Top of The data

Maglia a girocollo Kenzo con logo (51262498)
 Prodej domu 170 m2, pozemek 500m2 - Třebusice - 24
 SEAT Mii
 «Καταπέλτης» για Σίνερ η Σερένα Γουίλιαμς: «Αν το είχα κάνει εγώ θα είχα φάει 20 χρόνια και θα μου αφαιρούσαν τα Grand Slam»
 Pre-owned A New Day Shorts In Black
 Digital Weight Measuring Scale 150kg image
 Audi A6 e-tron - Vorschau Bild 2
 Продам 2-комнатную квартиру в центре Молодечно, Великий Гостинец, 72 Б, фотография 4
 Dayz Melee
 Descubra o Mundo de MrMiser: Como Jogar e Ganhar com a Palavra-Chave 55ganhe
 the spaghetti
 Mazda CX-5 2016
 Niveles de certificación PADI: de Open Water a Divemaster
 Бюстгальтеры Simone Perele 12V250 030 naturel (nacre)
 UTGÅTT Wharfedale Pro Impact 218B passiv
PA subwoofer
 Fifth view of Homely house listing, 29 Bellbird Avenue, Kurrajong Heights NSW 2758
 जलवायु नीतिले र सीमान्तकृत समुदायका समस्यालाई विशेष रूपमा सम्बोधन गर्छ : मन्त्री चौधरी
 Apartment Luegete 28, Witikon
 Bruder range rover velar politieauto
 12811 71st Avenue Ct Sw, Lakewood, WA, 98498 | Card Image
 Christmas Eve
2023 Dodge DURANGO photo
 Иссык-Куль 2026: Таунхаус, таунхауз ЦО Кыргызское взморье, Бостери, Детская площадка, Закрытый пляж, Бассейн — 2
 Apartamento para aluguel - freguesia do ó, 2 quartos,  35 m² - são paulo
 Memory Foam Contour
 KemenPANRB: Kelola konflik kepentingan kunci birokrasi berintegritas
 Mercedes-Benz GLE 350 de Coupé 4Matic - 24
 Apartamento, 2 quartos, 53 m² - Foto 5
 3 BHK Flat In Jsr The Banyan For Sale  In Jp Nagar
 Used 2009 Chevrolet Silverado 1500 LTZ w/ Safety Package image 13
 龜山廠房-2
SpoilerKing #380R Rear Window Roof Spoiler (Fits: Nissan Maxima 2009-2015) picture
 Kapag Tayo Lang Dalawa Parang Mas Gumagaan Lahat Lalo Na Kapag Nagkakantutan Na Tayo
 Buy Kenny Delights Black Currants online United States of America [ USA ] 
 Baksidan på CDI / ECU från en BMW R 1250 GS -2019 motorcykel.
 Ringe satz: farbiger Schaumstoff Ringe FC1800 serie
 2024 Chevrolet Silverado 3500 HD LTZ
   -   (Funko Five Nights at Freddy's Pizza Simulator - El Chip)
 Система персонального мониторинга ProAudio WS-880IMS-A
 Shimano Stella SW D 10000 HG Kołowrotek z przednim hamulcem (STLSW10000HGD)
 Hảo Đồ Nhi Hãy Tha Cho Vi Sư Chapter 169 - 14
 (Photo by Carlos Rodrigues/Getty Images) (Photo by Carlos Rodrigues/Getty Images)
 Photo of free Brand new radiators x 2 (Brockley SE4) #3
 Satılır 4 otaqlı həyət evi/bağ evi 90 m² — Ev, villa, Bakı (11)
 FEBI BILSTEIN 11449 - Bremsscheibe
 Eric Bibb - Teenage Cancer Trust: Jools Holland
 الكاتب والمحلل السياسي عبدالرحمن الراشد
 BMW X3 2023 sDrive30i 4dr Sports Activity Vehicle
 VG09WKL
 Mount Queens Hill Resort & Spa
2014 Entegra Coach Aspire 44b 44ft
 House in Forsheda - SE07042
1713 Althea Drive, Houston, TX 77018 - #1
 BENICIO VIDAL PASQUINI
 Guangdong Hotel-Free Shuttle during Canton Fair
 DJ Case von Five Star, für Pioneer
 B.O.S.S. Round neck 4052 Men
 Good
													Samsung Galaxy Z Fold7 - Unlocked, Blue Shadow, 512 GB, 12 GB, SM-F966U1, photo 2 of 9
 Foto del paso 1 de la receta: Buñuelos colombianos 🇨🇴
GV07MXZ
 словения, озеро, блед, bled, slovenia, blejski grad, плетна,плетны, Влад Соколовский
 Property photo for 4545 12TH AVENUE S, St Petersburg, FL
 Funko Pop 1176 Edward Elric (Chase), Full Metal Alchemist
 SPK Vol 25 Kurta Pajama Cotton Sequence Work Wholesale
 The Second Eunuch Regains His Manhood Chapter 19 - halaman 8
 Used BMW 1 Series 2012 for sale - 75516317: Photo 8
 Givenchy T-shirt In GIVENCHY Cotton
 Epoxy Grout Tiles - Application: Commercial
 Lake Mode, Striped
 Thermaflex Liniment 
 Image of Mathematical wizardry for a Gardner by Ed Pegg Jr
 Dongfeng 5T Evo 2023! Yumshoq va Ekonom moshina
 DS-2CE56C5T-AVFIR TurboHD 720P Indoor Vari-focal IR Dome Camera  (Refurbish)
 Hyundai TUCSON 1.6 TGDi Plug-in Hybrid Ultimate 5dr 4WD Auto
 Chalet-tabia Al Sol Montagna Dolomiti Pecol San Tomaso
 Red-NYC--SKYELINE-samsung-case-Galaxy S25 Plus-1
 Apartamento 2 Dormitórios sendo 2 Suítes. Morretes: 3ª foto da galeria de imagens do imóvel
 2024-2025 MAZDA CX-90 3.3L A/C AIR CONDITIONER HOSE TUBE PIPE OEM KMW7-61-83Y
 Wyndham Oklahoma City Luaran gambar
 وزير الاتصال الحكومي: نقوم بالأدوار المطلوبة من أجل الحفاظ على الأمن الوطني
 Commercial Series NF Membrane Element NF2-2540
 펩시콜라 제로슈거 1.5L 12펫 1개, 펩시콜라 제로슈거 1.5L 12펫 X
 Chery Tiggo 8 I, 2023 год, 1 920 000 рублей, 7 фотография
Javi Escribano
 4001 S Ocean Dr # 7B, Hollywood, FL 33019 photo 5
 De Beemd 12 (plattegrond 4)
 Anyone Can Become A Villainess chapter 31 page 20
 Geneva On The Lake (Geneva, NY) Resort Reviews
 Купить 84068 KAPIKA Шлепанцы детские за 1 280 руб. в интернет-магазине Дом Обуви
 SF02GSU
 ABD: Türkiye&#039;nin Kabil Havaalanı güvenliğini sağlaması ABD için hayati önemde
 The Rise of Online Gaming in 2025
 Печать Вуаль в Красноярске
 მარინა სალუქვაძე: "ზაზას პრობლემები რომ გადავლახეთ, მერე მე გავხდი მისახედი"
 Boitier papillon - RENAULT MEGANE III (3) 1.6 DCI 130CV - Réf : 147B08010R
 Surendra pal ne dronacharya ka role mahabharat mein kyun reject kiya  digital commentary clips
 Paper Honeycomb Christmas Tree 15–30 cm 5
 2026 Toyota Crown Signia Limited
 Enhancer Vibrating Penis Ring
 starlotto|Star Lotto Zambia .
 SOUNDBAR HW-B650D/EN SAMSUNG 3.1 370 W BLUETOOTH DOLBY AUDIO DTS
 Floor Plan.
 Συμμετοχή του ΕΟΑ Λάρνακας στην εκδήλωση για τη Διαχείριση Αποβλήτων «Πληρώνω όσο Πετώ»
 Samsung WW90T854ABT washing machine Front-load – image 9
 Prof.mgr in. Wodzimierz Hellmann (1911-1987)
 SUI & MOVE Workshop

Bottom of The data

Exercise instructions =
Please retype the data, matching it exactly.

Result of the exercise =
Maglia a girocollo Kenzo con logo (51262498)
 Prodej domu 170 m2, pozemek 500m2 - Třebusice - 24
 SEAT Mii
 «Καταπέλτης» για Σίνερ η Σερένα Γουίλιαμς: «Αν το είχα κάνει εγώ θα είχα φάει 20 χρόνια και θα μου αφαιρούσαν τα Grand Slam»
 Pre-owned A New Day Shorts In Black
 Digital Weight Measuring Scale 150kg image
 Audi A6 e-tron - Vorschau Bild 2
 Продам 2-комнатную квартиру в центре Молодечно, Великий Гостинец, 72 Б, фотография 4
 Dayz Melee
 Descubra o Mundo de MrMiser: Como Jogar e Ganhar com a Palavra-Chave 55ganhe
 the spaghetti
 Mazda CX-5 2016
 Niveles de certificación PADI: de Open Water a Divemaster
 Бюстгальтеры Simone Perele 12V250 030 naturel (nacre)
 UTGÅTT Wharfedale Pro Impact 218B passiv
PA subwoofer
 Fifth view of Homely house listing, 29 Bellbird Avenue, Kurrajong Heights NSW 2758
 जलवायु नीतिले र सीमान्तकृत समुदायका समस्यालाई विशेष रूपमा सम्बोधन गर्छ : मन्त्री चौधरी
 Apartment Luegete 28, Witikon
 Bruder range rover velar politieauto
 12811 71st Avenue Ct Sw, Lakewood, WA, 98498 | Card Image
 Christmas Eve
2023 Dodge DURANGO photo
 Иссык-Куль 2026: Таунхаус, таунхауз ЦО Кыргызское взморье, Бостери, Детская площадка, Закрытый пляж, Бассейн — 2
 Apartamento para aluguel - freguesia do ó, 2 quartos,  35 m² - são paulo
 Memory Foam Contour
 KemenPANRB: Kelola konflik kepentingan kunci birokrasi berintegritas
 Mercedes-Benz GLE 350 de Coupé 4Matic - 24
 Apartamento, 2 quartos, 53 m² - Foto 5
 3 BHK Flat In Jsr The Banyan For Sale  In Jp Nagar
 Used 2009 Chevrolet Silverado 1500 LTZ w/ Safety Package image 13
 龜山廠房-2
SpoilerKing #380R Rear Window Roof Spoiler (Fits: Nissan Maxima 2009-2015) picture
 Kapag Tayo Lang Dalawa Parang Mas Gumagaan Lahat Lalo Na Kapag Nagkakantutan Na Tayo
 Buy Kenny Delights Black Currants online United States of America [ USA ] 
 Baksidan på CDI / ECU från en BMW R 1250 GS -2019 motorcykel.
 Ringe satz: farbiger Schaumstoff Ringe FC1800 serie
 2024 Chevrolet Silverado 3500 HD LTZ
   -   (Funko Five Nights at Freddy's Pizza Simulator - El Chip)
 Система персонального мониторинга ProAudio WS-880IMS-A
 Shimano Stella SW D 10000 HG Kołowrotek z przednim hamulcem (STLSW10000HGD)
 Hảo Đồ Nhi Hãy Tha Cho Vi Sư Chapter 169 - 14
 (Photo by Carlos Rodrigues/Getty Images) (Photo by Carlos Rodrigues/Getty Images)
 Photo of free Brand new radiators x 2 (Brockley SE4) #3
 Satılır 4 otaqlı həyət evi/bağ evi 90 m² — Ev, villa, Bakı (11)
 FEBI BILSTEIN 11449 - Bremsscheibe
 Eric Bibb - Teenage Cancer Trust: Jools Holland
 الكاتب والمحلل السياسي عبدالرحمن الراشد
 BMW X3 2023 sDrive30i 4dr Sports Activity Vehicle
 VG09WKL
 Mount Queens Hill Resort & Spa
2014 Entegra Coach Aspire 44b 44ft
 House in Forsheda - SE07042
1713 Althea Drive, Houston, TX 77018 - #1
 BENICIO VIDAL PASQUINI
 Guangdong Hotel-Free Shuttle during Canton Fair
 DJ Case von Five Star, für Pioneer
 B.O.S.S. Round neck 4052 Men
 Good
													Samsung Galaxy Z Fold7 - Unlocked, Blue Shadow, 512 GB, 12 GB, SM-F966U1, photo 2 of 9
 Foto del paso 1 de la receta: Buñuelos colombianos 🇨🇴
GV07MXZ
 словения, озеро, блед, bled, slovenia, blejski grad, плетна,плетны, Влад Соколовский
 Property photo for 4545 12TH AVENUE S, St Petersburg, FL
 Funko Pop 1176 Edward Elric (Chase), Full Metal Alchemist
 SPK Vol 25 Kurta Pajama Cotton Sequence Work Wholesale
 The Second Eunuch Regains His Manhood Chapter 19 - halaman 8
 Used BMW 1 Series 2012 for sale - 75516317: Photo 8
 Givenchy T-shirt In GIVENCHY Cotton
 Epoxy Grout Tiles - Application: Commercial
 Lake Mode, Striped
 Thermaflex Liniment 
 Image of Mathematical wizardry for a Gardner by Ed Pegg Jr
 Dongfeng 5T Evo 2023! Yumshoq va Ekonom moshina
 DS-2CE56C5T-AVFIR TurboHD 720P Indoor Vari-focal IR Dome Camera  (Refurbish)
 Hyundai TUCSON 1.6 TGDi Plug-in Hybrid Ultimate 5dr 4WD Auto
 Chalet-tabia Al Sol Montagna Dolomiti Pecol San Tomaso
 Red-NYC--SKYELINE-samsung-case-Galaxy S25 Plus-1
 Apartamento 2 Dormitórios sendo 2 Suítes. Morretes: 3ª foto da galeria de imagens do imóvel
 2024-2025 MAZDA CX-90 3.3L A/C AIR CONDITIONER HOSE TUBE PIPE OEM KMW7-61-83Y
 Wyndham Oklahoma City Luaran gambar
 وزير الاتصال الحكومي: نقوم بالأدوار المطلوبة من أجل الحفاظ على الأمن الوطني
 Commercial Series NF Membrane Element NF2-2540
 펩시콜라 제로슈거 1.5L 12펫 1개, 펩시콜라 제로슈거 1.5L 12펫 X
 Chery Tiggo 8 I, 2023 год, 1 920 000 рублей, 7 фотография
Javi Escribano
 4001 S Ocean Dr # 7B, Hollywood, FL 33019 photo 5
 De Beemd 12 (plattegrond 4)
 Anyone Can Become A Villainess chapter 31 page 20
 Geneva On The Lake (Geneva, NY) Resort Reviews
 Купить 84068 KAPIKA Шлепанцы детские за 1 280 руб. в интернет-магазине Дом Обуви
 SF02GSU
 ABD: Türkiye&#039;nin Kabil Havaalanı güvenliğini sağlaması ABD için hayati önemde
 The Rise of Online Gaming in 2025
 Печать Вуаль в Красноярске
 მარინა სალუქვაძე: "ზაზას პრობლემები რომ გადავლახეთ, მერე მე გავხდი მისახედი"
 Boitier papillon - RENAULT MEGANE III (3) 1.6 DCI 130CV - Réf : 147B08010R
 Surendra pal ne dronacharya ka role mahabharat mein kyun reject kiya  digital commentary clips
 Paper Honeycomb Christmas Tree 15–30 cm 5
 2026 Toyota Crown Signia Limited
 Enhancer Vibrating Penis Ring
 starlotto|Star Lotto Zambia .
 SOUNDBAR HW-B650D/EN SAMSUNG 3.1 370 W BLUETOOTH DOLBY AUDIO DTS
 Floor Plan.
 Συμμετοχή του ΕΟΑ Λάρνακας στην εκδήλωση για τη Διαχείριση Αποβλήτων «Πληρώνω όσο Πετώ»
 Samsung WW90T854ABT washing machine Front-load – image 9
 Prof.mgr in. Wodzimierz Hellmann (1911-1987)
 SUI & MOVE Workshop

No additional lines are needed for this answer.